There’s been a lot of sturm und drang on Facebo*k and elsewhere about an article in the Atlantic about the data used to train M*ta and other Large Language Models (LLMs). First in the artists’ pages and now the writers’ as well. AI art and AI stories already clogging up submissions at the magazines and such. Curiosity and ego got the better of me and I did the DB search thing and came up with this:
Yamada Monogatari: Demon Hunter, Yamada Monogatari: To Break the Demon Gate, Yamada Monogatari: The War God’s Son, and Yamada Monogatari: The Emperor in Shadow.
All present. The only one they missed was Yamada Monogatari: Troubled Spirits, the final collection.

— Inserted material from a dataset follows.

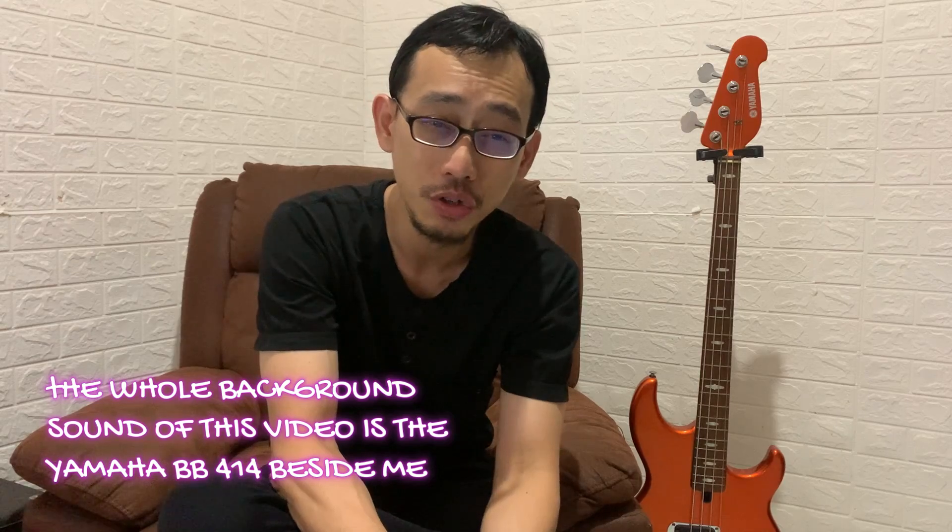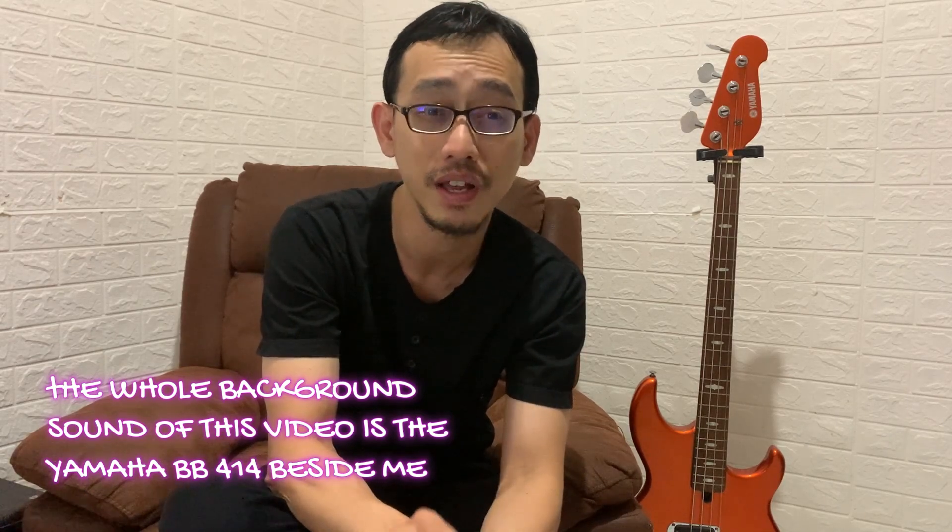You can check my other videos for this particular series at the end of my video. So why the Yamaha BB414 made in Indonesia? It's easily becoming one of the best passive bass under 400 US dollars. It gives you a complete sound choice with a split single precision type, jazz, and also both of them at the same time.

The online outrage has been pretty intense, and on one level I understand completely. I do have a dog in this fight. No one asked our permission, and the fact that the text (albeit tokenized beyond human recognition) is there at all can be interpreted as an unauthorized publication. Stephen King and other prominent writers have already filed suit and the courts will have to deal with it. Of course I’m curious to see how that all shakes out, since we’re in mostly uncharted territory here with AI in general and this instance in particular. Can the ones assembling the material argue “fair use” or will the courts decide the writers’ IP rights were violated? Some legal clarity here would be nice, however it shakes out.
At this stage I confess to being too ambivalent to share the outrage. Concern, yes. On the one hand, we should have been asked. On the other, is it really publication? As the data is fed into the LLM it’s barely recognizable as words. On the other other hand, will plagiarism result? Here I’ve seen with my own experiments with ChatGPT to know it can happen, and sometimes the AI puts out work purporting to be original which is an almost word for word copy of something it was trained on. That needs to be addressed. Can that be prevented? Too many questions unanswered.

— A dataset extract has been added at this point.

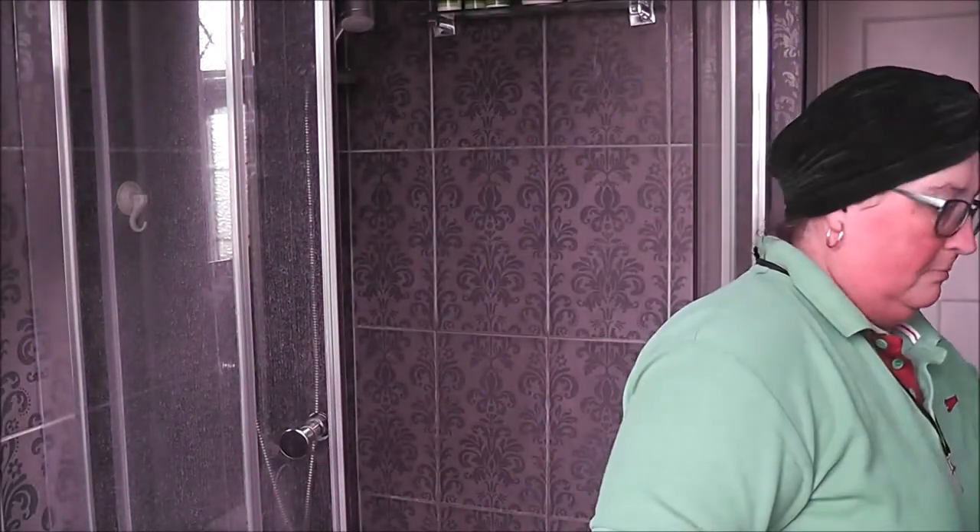Now I can't see out of my glasses — that was a good idea, Maya. I wiped my glasses and now I can't see a thing. Here's my shave towel. That's better.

What I mostly want at this point is some answers to all the above. I’m willing to wait, assuming I have the option. This may take a while.
I hope you have the option.
Good to hear from you. Stay healthy.
Lifting phrases has gone on for a long time:
Rosy fingered dawn – Homer
Wonderful to tell – Virgil
Happily ever after – Brothers Grimm
A long time ago – Lucas most recently 🙂
and on.
And in the world of music
https://en.wikipedia.org/wiki/Music_plagiarism
Do grammar checkers ( Grammarly, etc. ) count?
It would be nice if there were some way to label
writing, or parts of writing, as AI generated.
Isn’t this a growing problem for college papers?